### WHAT YOU ARE ASKED TO DO
Below are some entries; can you quote all of them exactly?

>>>>

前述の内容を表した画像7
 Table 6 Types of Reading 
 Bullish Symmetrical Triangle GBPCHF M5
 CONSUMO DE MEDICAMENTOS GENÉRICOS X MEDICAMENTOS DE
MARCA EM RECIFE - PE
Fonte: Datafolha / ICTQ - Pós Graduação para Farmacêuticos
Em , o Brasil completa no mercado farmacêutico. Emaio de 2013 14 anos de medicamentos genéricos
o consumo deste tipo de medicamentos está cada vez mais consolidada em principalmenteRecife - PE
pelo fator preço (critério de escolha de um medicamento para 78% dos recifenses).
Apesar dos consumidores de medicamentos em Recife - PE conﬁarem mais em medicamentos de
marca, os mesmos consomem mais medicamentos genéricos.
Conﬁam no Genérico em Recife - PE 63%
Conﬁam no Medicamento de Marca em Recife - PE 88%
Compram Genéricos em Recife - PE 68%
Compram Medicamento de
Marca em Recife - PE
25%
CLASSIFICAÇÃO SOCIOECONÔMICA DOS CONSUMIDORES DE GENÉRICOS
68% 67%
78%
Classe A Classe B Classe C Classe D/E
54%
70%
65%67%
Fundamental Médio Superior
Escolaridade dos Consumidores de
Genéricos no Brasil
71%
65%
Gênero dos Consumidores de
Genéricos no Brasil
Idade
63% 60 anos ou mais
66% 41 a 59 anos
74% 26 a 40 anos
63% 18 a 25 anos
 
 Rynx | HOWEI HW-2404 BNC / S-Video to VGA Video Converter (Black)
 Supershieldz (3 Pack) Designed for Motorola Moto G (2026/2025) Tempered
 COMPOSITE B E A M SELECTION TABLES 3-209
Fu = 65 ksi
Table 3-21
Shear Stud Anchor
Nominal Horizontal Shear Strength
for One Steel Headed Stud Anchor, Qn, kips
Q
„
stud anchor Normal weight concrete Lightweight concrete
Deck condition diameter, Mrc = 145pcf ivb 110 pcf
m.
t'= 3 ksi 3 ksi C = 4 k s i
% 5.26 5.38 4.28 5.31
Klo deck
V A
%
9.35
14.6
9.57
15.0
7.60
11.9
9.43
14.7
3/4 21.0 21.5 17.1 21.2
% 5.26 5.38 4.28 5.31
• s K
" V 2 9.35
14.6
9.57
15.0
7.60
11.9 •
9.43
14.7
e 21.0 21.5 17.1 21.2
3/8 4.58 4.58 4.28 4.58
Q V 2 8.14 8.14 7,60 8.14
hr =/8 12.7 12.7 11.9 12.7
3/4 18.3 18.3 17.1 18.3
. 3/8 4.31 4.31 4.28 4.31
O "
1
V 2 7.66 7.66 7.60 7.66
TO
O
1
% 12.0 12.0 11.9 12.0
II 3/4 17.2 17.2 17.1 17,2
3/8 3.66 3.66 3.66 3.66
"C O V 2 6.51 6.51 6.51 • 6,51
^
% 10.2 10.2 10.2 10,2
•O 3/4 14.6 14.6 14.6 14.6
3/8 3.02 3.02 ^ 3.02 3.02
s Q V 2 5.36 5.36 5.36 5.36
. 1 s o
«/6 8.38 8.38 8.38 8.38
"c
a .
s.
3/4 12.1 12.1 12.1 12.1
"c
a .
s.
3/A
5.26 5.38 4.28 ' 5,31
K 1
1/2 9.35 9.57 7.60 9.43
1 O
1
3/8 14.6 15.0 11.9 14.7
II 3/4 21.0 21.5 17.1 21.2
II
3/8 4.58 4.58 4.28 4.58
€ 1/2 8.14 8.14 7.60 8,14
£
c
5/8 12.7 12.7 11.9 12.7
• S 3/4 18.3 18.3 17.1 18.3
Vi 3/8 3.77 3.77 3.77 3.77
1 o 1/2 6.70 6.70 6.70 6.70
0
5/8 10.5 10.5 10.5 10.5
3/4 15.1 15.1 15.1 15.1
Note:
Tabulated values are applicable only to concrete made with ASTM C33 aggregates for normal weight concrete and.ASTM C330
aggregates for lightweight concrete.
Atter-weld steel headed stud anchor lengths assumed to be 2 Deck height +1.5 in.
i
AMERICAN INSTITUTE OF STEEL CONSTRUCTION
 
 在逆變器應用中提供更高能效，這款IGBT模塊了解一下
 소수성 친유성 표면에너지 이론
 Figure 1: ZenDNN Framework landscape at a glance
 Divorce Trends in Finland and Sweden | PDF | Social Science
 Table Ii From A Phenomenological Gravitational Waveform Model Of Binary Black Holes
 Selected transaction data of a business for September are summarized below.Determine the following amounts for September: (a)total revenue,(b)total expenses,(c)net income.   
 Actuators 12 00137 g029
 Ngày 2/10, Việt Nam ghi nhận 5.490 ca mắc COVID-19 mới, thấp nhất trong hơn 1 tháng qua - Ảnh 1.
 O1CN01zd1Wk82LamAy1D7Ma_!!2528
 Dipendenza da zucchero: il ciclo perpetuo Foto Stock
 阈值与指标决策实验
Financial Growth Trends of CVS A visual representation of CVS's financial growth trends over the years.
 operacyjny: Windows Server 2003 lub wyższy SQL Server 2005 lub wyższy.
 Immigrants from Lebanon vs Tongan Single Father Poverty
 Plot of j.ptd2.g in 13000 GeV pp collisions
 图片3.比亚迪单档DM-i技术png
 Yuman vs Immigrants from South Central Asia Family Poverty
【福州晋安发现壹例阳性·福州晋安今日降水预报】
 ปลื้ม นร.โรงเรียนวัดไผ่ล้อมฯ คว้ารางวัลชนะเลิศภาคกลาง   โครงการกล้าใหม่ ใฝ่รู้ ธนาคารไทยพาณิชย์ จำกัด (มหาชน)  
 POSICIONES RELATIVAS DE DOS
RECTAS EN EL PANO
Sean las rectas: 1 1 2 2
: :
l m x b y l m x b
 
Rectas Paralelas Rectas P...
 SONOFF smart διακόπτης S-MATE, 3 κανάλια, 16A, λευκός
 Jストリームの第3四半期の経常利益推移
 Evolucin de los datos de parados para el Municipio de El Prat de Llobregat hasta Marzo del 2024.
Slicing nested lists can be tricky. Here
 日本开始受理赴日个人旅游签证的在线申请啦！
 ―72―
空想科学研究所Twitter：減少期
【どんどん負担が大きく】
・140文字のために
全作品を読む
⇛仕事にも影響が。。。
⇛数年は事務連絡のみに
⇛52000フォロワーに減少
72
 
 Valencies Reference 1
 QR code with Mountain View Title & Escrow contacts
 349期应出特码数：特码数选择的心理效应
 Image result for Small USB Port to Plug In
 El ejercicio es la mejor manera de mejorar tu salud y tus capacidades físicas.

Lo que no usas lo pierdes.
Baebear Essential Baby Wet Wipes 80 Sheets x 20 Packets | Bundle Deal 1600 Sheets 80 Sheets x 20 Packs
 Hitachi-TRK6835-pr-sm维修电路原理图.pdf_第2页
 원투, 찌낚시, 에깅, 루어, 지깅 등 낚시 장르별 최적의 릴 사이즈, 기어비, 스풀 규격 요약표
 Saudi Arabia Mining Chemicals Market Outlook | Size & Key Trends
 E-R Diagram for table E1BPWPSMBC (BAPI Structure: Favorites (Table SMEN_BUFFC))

<<<<

### OUTPUT FOR THIS TASK
前述の内容を表した画像7
 Table 6 Types of Reading 
 Bullish Symmetrical Triangle GBPCHF M5
 CONSUMO DE MEDICAMENTOS GENÉRICOS X MEDICAMENTOS DE
MARCA EM RECIFE - PE
Fonte: Datafolha / ICTQ - Pós Graduação para Farmacêuticos
Em , o Brasil completa no mercado farmacêutico. Emaio de 2013 14 anos de medicamentos genéricos
o consumo deste tipo de medicamentos está cada vez mais consolidada em principalmenteRecife - PE
pelo fator preço (critério de escolha de um medicamento para 78% dos recifenses).
Apesar dos consumidores de medicamentos em Recife - PE conﬁarem mais em medicamentos de
marca, os mesmos consomem mais medicamentos genéricos.
Conﬁam no Genérico em Recife - PE 63%
Conﬁam no Medicamento de Marca em Recife - PE 88%
Compram Genéricos em Recife - PE 68%
Compram Medicamento de
Marca em Recife - PE
25%
CLASSIFICAÇÃO SOCIOECONÔMICA DOS CONSUMIDORES DE GENÉRICOS
68% 67%
78%
Classe A Classe B Classe C Classe D/E
54%
70%
65%67%
Fundamental Médio Superior
Escolaridade dos Consumidores de
Genéricos no Brasil
71%
65%
Gênero dos Consumidores de
Genéricos no Brasil
Idade
63% 60 anos ou mais
66% 41 a 59 anos
74% 26 a 40 anos
63% 18 a 25 anos
 
 Rynx | HOWEI HW-2404 BNC / S-Video to VGA Video Converter (Black)
 Supershieldz (3 Pack) Designed for Motorola Moto G (2026/2025) Tempered
 COMPOSITE B E A M SELECTION TABLES 3-209
Fu = 65 ksi
Table 3-21
Shear Stud Anchor
Nominal Horizontal Shear Strength
for One Steel Headed Stud Anchor, Qn, kips
Q
„
stud anchor Normal weight concrete Lightweight concrete
Deck condition diameter, Mrc = 145pcf ivb 110 pcf
m.
t'= 3 ksi 3 ksi C = 4 k s i
% 5.26 5.38 4.28 5.31
Klo deck
V A
%
9.35
14.6
9.57
15.0
7.60
11.9
9.43
14.7
3/4 21.0 21.5 17.1 21.2
% 5.26 5.38 4.28 5.31
• s K
" V 2 9.35
14.6
9.57
15.0
7.60
11.9 •
9.43
14.7
e 21.0 21.5 17.1 21.2
3/8 4.58 4.58 4.28 4.58
Q V 2 8.14 8.14 7,60 8.14
hr =/8 12.7 12.7 11.9 12.7
3/4 18.3 18.3 17.1 18.3
. 3/8 4.31 4.31 4.28 4.31
O "
1
V 2 7.66 7.66 7.60 7.66
TO
O
1
% 12.0 12.0 11.9 12.0
II 3/4 17.2 17.2 17.1 17,2
3/8 3.66 3.66 3.66 3.66
"C O V 2 6.51 6.51 6.51 • 6,51
^
% 10.2 10.2 10.2 10,2
•O 3/4 14.6 14.6 14.6 14.6
3/8 3.02 3.02 ^ 3.02 3.02
s Q V 2 5.36 5.36 5.36 5.36
. 1 s o
«/6 8.38 8.38 8.38 8.38
"c
a .
s.
3/4 12.1 12.1 12.1 12.1
"c
a .
s.
3/A
5.26 5.38 4.28 ' 5,31
K 1
1/2 9.35 9.57 7.60 9.43
1 O
1
3/8 14.6 15.0 11.9 14.7
II 3/4 21.0 21.5 17.1 21.2
II
3/8 4.58 4.58 4.28 4.58
€ 1/2 8.14 8.14 7.60 8,14
£
c
5/8 12.7 12.7 11.9 12.7
• S 3/4 18.3 18.3 17.1 18.3
Vi 3/8 3.77 3.77 3.77 3.77
1 o 1/2 6.70 6.70 6.70 6.70
0
5/8 10.5 10.5 10.5 10.5
3/4 15.1 15.1 15.1 15.1
Note:
Tabulated values are applicable only to concrete made with ASTM C33 aggregates for normal weight concrete and.ASTM C330
aggregates for lightweight concrete.
Atter-weld steel headed stud anchor lengths assumed to be 2 Deck height +1.5 in.
i
AMERICAN INSTITUTE OF STEEL CONSTRUCTION
 
 在逆變器應用中提供更高能效，這款IGBT模塊了解一下
 소수성 친유성 표면에너지 이론
 Figure 1: ZenDNN Framework landscape at a glance
 Divorce Trends in Finland and Sweden | PDF | Social Science
 Table Ii From A Phenomenological Gravitational Waveform Model Of Binary Black Holes
 Selected transaction data of a business for September are summarized below.Determine the following amounts for September: (a)total revenue,(b)total expenses,(c)net income.   
 Actuators 12 00137 g029
 Ngày 2/10, Việt Nam ghi nhận 5.490 ca mắc COVID-19 mới, thấp nhất trong hơn 1 tháng qua - Ảnh 1.
 O1CN01zd1Wk82LamAy1D7Ma_!!2528
 Dipendenza da zucchero: il ciclo perpetuo Foto Stock
 阈值与指标决策实验
Financial Growth Trends of CVS A visual representation of CVS's financial growth trends over the years.
 operacyjny: Windows Server 2003 lub wyższy SQL Server 2005 lub wyższy.
 Immigrants from Lebanon vs Tongan Single Father Poverty
 Plot of j.ptd2.g in 13000 GeV pp collisions
 图片3.比亚迪单档DM-i技术png
 Yuman vs Immigrants from South Central Asia Family Poverty
【福州晋安发现壹例阳性·福州晋安今日降水预报】
 ปลื้ม นร.โรงเรียนวัดไผ่ล้อมฯ คว้ารางวัลชนะเลิศภาคกลาง   โครงการกล้าใหม่ ใฝ่รู้ ธนาคารไทยพาณิชย์ จำกัด (มหาชน)  
 POSICIONES RELATIVAS DE DOS
RECTAS EN EL PANO
Sean las rectas: 1 1 2 2
: :
l m x b y l m x b
 
Rectas Paralelas Rectas P...
 SONOFF smart διακόπτης S-MATE, 3 κανάλια, 16A, λευκός
 Jストリームの第3四半期の経常利益推移
 Evolucin de los datos de parados para el Municipio de El Prat de Llobregat hasta Marzo del 2024.
Slicing nested lists can be tricky. Here
 日本开始受理赴日个人旅游签证的在线申请啦！
 ―72―
空想科学研究所Twitter：減少期
【どんどん負担が大きく】
・140文字のために
全作品を読む
⇛仕事にも影響が。。。
⇛数年は事務連絡のみに
⇛52000フォロワーに減少
72
 
 Valencies Reference 1
 QR code with Mountain View Title & Escrow contacts
 349期应出特码数：特码数选择的心理效应
 Image result for Small USB Port to Plug In
 El ejercicio es la mejor manera de mejorar tu salud y tus capacidades físicas.

Lo que no usas lo pierdes.
Baebear Essential Baby Wet Wipes 80 Sheets x 20 Packets | Bundle Deal 1600 Sheets 80 Sheets x 20 Packs
 Hitachi-TRK6835-pr-sm维修电路原理图.pdf_第2页
 원투, 찌낚시, 에깅, 루어, 지깅 등 낚시 장르별 최적의 릴 사이즈, 기어비, 스풀 규격 요약표
 Saudi Arabia Mining Chemicals Market Outlook | Size & Key Trends
 E-R Diagram for table E1BPWPSMBC (BAPI Structure: Favorites (Table SMEN_BUFFC))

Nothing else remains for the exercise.